10/11/05 00:40:17
【石平のChina Watch】失業者2億人、不動産バブル…中国の悪夢
10月21日、中国国家統計局は2010年7~9月期の国内総生産(GDP)が9.6%増加した、と発表した。
それは、4~6月期の成長率より0.7ポイント下回った数字である。
今年に入ってからの成長率の推移を見てみると、第1四半期(1~3月)は11.9%の高い数値を記録したが、
第2四半期(4~6月)になるとそれが10.3%に減速し、第3四半期の7~9月期にはさらに鈍化して9.6%に下がった。
成長の減速と同時進行的に起きているのはインフレの亢進(こうしん)である。
去年の11月に0.6%だった消費者物価指数(CPI)は今年に入ってから上昇する一方だ。
5月にはそれが3.1%に上がり、中国政府が「インフレ警戒線」として設定している「消費者物価指数3%」の
ラインを突破してしまい、9月にはCPIはさらに上がって3.6%となった。インフレの傾向は強まってきている。
中国人民銀行の周小川行長(日銀総裁に相当)は10月22日、経済関係のフォーラムの席でこの問題に言及し、
「中国ではインフレのリスクが高まっており、われわれは厳しい試練に直面している」
との重大発言を行った。中国政府が抱く危機感の表れであろう。
今年に入ってからの中国経済は、成長率の継続的下落と同時進行的に
インフレ率が上昇しつつある、という現象が起きている。
「成長率が低下しながらのインフレ」は、経済学的に「スタグフレーション」と呼ぶが、どこの国の経済にとっても、
それは大変深刻な事態である。成長率の低下は当然収入水準の下落や失業の拡大を意味するから、
収入が減って失業が拡大している中で「インフレ=物価の上昇」となれば、一般庶民の生活が大いにおびやかされる。

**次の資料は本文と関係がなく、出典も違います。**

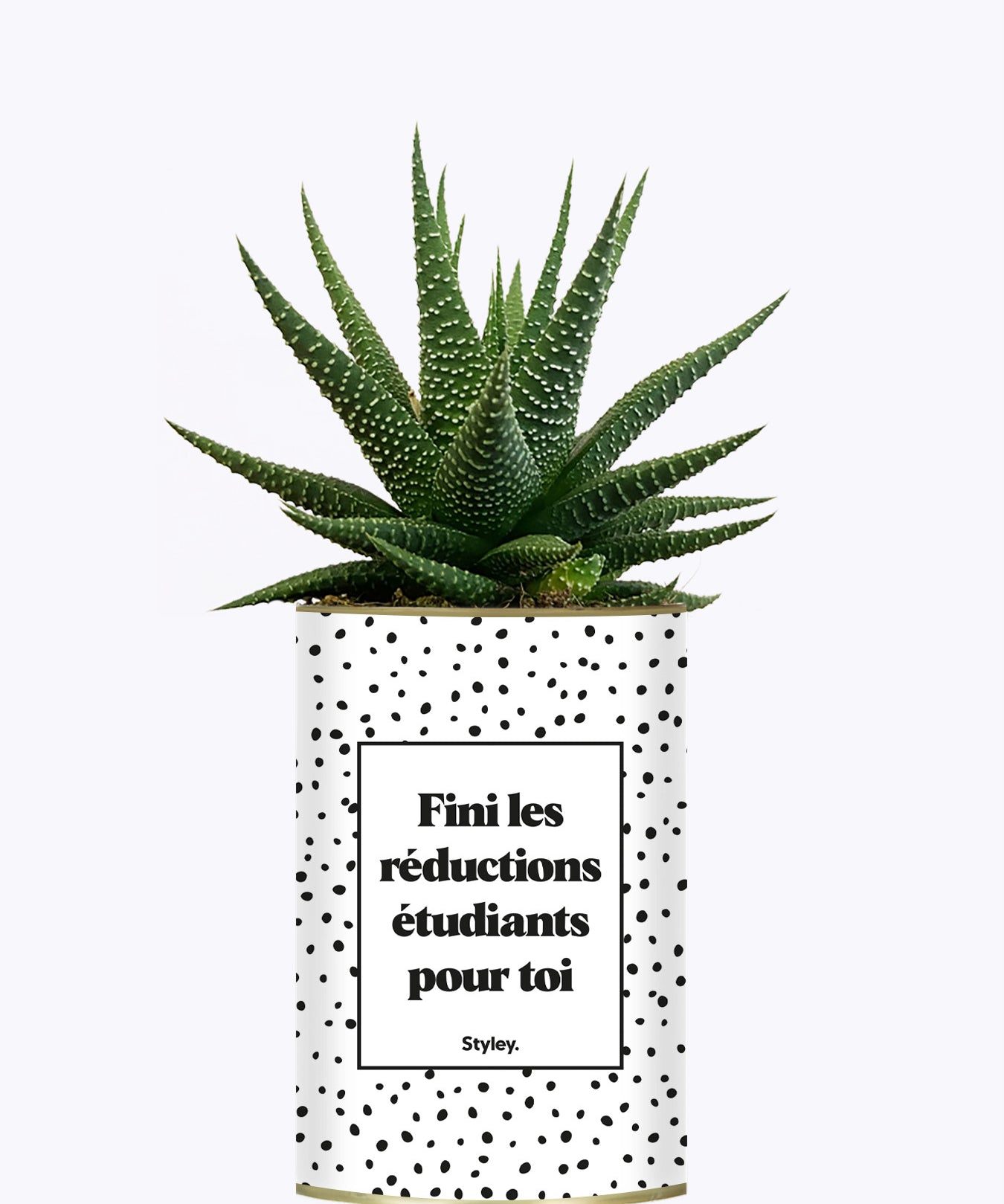 Fini les réductions étudiants pour toi - Cactus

特に中国の場合、ギリギリの線で生活している2億人の失業者や、分厚い貧困層が存在している
状況下での本格的なインフレの到来=物価の大幅上昇は、社会的大混乱の発生を招きかねない。
インフレの亢進を食い止めるために、中国政府は現在の金融緩和から金融の引き締め策に転じざるを得ないが、
彼らはいまだに、政策の転換を断行する決心がついていない。その理由はどこにあるのか。
去年の09年から、中国政府が史上最大の金融緩和政策を実行して未曾有の流動性過剰を生じさせた結果、
莫大(ばくだい)な投機資金が不動産市場に流れ込み、史上最大の不動産バブルを膨らませた。
今年に入ると、それをどう処理するのかが、中国政府にとって頭の痛い難題となっている。
その際、もし政府がインフレ退治のために思い切った金融引き締め政策に転じてしまった場合、副作用として、
金融緩和によって支えられている不動産バブルの崩壊は避けられない。そしてバブルが弾けてしまえば、
不良債権の大量発生・経済の冷え込み・成長率のさらなる低下・失業の拡大などの連鎖反応が
やってくることは火を見るよりも明らかだ。中国政府にとって、それはまた、
社会と政権の安定を根底からひっくり返す危機の到来を意味する以外の何ものでもない。
つまり今の中国政府は、実に深刻なジレンマに陥っているのである。
インフレの亢進を容認してしまえば社会的大混乱が起きかねないが、
インフレを退治しようとするならば不動産バブルの崩壊を覚悟しなければならない。
そしてどっちみち、中国経済は大変な状況になっていく以外にない。
インフレで死ぬのか、バブル崩壊で死ぬのか、重大局面の到来は目の前に迫ってきている。
◇
【プロフィル】石平
せき・へい 1962年中国四川省生まれ。北京大学哲学部卒。88年来日し、神戸大学大学院文化学研究科博士課程修了。
民間研究機関を経て、評論活動に入る。『謀略家たちの中国』など著書多数。平成19年、日本国籍を取得。